By Olle Lawson
Whit Dickey – Drums
Matthew Shipp – Piano
Nate Wooley – Trumpet.
Masterful free-drummer Whit Dickey appears to in the middle of a purple patch.
It’s not like he’s been short of work over the last few years (check out his tenure with Ivo Perelman, alone, for visceral evidence of that) but since 2016’s tremendous Vessel In Orbit project it appears a switch has been thrown.
His trio with Rob Brown and Brandon Lopez (on Dickey’s new label Tao Forms) dropped just weeks ago and this release on ESP-Disk’ – released with minimal fanfare – is the second double album within a year.
Working here, first in duo then trio, we have the opportunity to really hear the distillation of an evolving art form reaching a heightened level of self-awareness. There have been rumours of repeated returns to the studio to achieve this, but it is clear that this was in no way due to lackluster performance or lack of focus – but in hearing a deeply personal, spiritual inner-sound and attaining its manifestation to be captured on record.
Dickey and Matt Shipp have a near 30 year history between them, going right back to the David S. Ware Quartet and to my knowledge this is the first time we get to hear them at length, on record as a duo. There is a formal perfection here.

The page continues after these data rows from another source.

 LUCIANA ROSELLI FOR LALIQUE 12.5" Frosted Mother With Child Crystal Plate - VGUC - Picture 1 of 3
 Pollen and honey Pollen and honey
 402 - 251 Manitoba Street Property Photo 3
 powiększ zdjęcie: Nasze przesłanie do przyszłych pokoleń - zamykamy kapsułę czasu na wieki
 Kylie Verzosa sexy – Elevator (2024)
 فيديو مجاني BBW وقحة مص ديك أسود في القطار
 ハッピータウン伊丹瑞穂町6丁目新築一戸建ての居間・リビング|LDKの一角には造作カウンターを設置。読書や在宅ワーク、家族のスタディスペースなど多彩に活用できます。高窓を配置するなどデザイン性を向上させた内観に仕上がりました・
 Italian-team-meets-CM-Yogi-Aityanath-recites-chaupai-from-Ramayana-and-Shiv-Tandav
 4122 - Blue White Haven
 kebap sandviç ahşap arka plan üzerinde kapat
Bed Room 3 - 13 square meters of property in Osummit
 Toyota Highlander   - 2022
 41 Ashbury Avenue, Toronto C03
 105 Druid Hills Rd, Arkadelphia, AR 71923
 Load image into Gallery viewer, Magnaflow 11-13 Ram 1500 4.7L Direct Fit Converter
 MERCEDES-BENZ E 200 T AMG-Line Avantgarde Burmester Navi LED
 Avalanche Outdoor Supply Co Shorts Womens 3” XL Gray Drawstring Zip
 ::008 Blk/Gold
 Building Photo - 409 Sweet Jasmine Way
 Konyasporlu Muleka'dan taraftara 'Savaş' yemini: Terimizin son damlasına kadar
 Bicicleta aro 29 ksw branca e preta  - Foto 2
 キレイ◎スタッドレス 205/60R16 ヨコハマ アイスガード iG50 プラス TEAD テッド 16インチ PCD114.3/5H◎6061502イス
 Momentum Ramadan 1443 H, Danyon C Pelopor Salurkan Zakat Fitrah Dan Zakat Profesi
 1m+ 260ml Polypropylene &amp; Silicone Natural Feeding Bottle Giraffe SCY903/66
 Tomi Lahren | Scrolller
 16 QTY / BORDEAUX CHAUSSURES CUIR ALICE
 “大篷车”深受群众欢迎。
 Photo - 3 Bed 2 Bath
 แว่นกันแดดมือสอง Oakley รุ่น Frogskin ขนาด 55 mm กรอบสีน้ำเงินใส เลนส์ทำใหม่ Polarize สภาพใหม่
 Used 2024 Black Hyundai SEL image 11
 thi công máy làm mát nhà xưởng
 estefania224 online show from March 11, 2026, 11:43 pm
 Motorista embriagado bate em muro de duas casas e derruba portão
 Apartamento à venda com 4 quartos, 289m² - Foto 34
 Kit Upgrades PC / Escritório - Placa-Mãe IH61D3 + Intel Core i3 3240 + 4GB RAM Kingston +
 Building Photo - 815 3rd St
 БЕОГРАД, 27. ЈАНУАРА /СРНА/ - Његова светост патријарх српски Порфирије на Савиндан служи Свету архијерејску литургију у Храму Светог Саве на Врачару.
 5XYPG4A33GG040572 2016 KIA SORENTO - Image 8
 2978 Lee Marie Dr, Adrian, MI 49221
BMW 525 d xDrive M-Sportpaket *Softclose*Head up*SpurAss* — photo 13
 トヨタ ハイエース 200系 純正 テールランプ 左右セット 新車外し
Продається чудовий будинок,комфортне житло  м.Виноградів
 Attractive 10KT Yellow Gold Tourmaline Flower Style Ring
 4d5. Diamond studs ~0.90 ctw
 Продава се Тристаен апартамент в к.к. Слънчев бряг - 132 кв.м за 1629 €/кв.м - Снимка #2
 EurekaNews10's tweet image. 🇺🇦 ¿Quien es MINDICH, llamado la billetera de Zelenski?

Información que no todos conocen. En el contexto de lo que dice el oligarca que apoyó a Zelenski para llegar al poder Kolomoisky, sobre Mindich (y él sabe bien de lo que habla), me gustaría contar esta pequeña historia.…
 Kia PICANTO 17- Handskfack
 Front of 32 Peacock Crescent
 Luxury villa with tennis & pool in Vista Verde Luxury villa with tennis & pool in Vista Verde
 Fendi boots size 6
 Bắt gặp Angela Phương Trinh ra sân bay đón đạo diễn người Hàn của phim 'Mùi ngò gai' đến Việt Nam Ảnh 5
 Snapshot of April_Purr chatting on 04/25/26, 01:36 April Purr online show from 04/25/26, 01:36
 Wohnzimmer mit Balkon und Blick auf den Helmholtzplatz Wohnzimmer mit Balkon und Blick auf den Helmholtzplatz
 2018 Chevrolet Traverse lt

Before one even presses play, we know the level of experience brought to this stripped-back project. What I hadn’t anticipated was the depth of subtlety and vast openness created here. From elliptical semi-song form to free abstractions that sound as though they are painted in mist, this is an album that requires meditative listening to be really heard.
Blue Threads opens events with deceptive accessibility and surprises with its quiet joyful dance, full of revolving circular movement; a pastoral dance of sorts.
Reckoning takes us into moodier, sparser territory, plucked piano innards creating chambers of space filled with suspended notes as Dickey propels the sound with bass drum and intricate ride cymbal.
Dice which carries the same name as a Right Hemisphere tune – and may in fact be a distant cousin – has Shipp playing high-end spider steps on the keys, as Dickey rolls an oblique swing.
Thick is the first disc’s heaviest piece, with Shipp appearing to lead the charge of huge weighty chords, really drawing out the intensity of this concentrated set up. At one point we even get to hear piano and drums hit in time, actually hammering together on the beat.
The heart of the album goes to Helix, the longest piece. Opening into a melody of mournful simplicity, Whit shuffles and props amongst the plaintive piano before subtly shifting the underlying mosaic – the tonal placement and intermeshing here is extraordinary. Even at its most stripped back and concise, this masterly duo demonstrates how this music permeates and fills every part – in every direction – of one’s consciousness and intellect, simultaneously. Not out of synch, but out of time: where is that time-space? Because it is a place – that we are transported to. This is Freemusic at its most subtle and refined.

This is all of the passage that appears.